-- WHAT TO WORK ON --
The answer should hold only the lines from the one containing "Janhvi Kapoor" through the one containing "BowLift | Corissa Lasting Everyday Companion" in the entries below, copied exactly, without pictures.
══ EXERCISE INPUTS
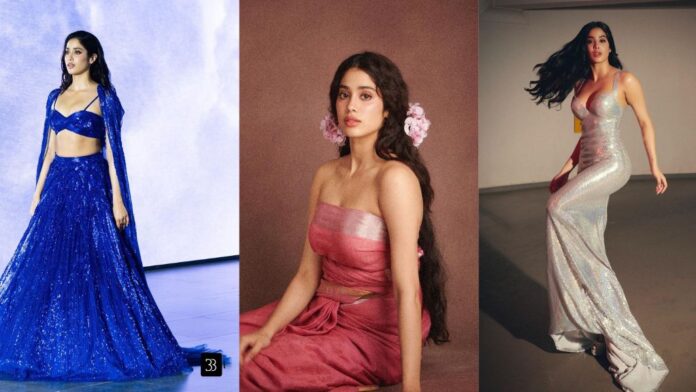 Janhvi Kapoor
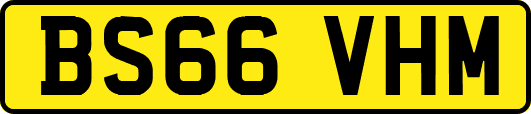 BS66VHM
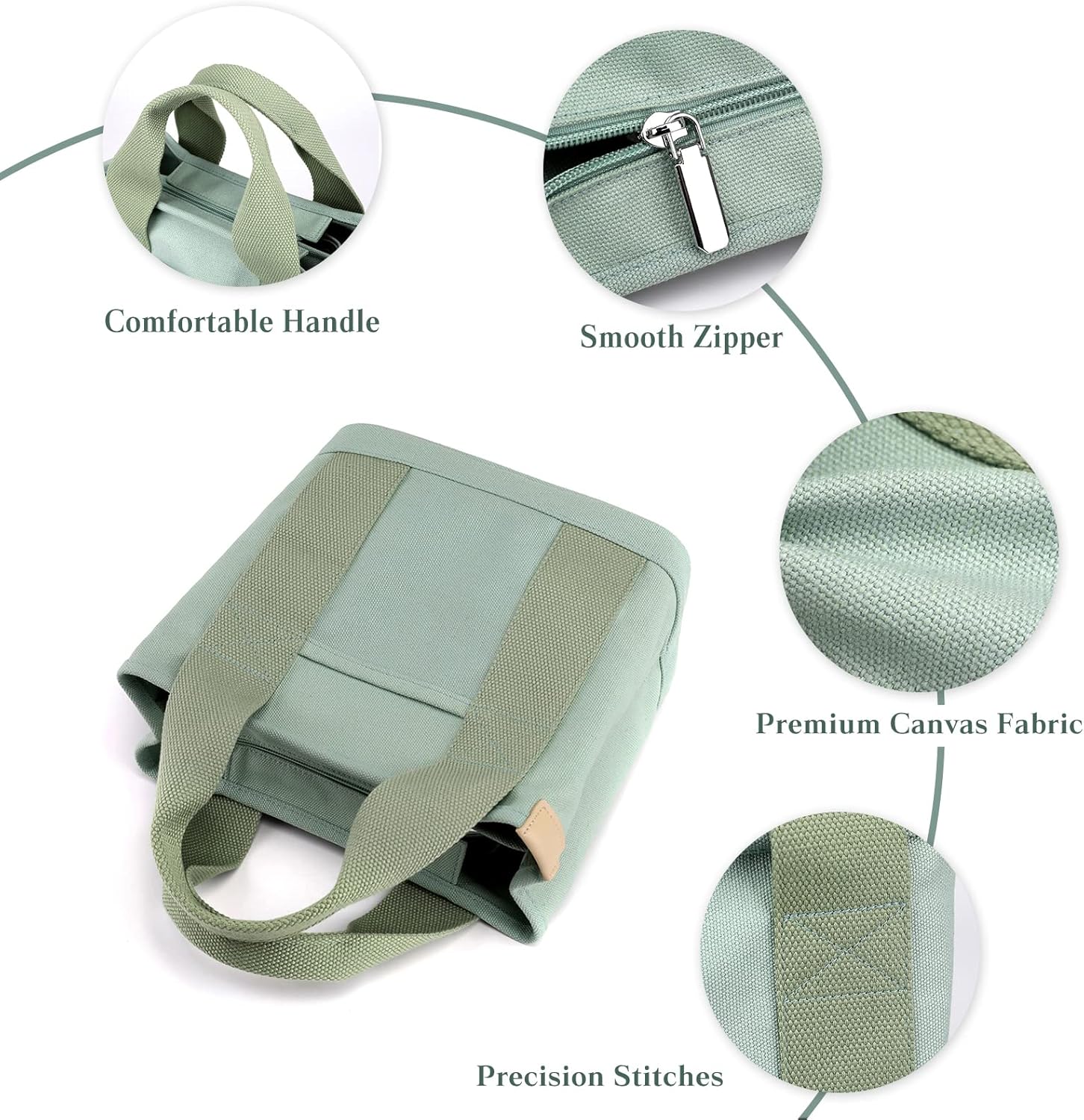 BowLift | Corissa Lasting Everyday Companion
════
══ EXERCISE INPUTS
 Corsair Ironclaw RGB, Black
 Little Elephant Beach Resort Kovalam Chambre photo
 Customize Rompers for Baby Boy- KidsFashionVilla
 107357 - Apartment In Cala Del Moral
════
-- WRITTEN REPLY --
 Janhvi Kapoor
 BS66VHM
 BowLift | Corissa Lasting Everyday Companion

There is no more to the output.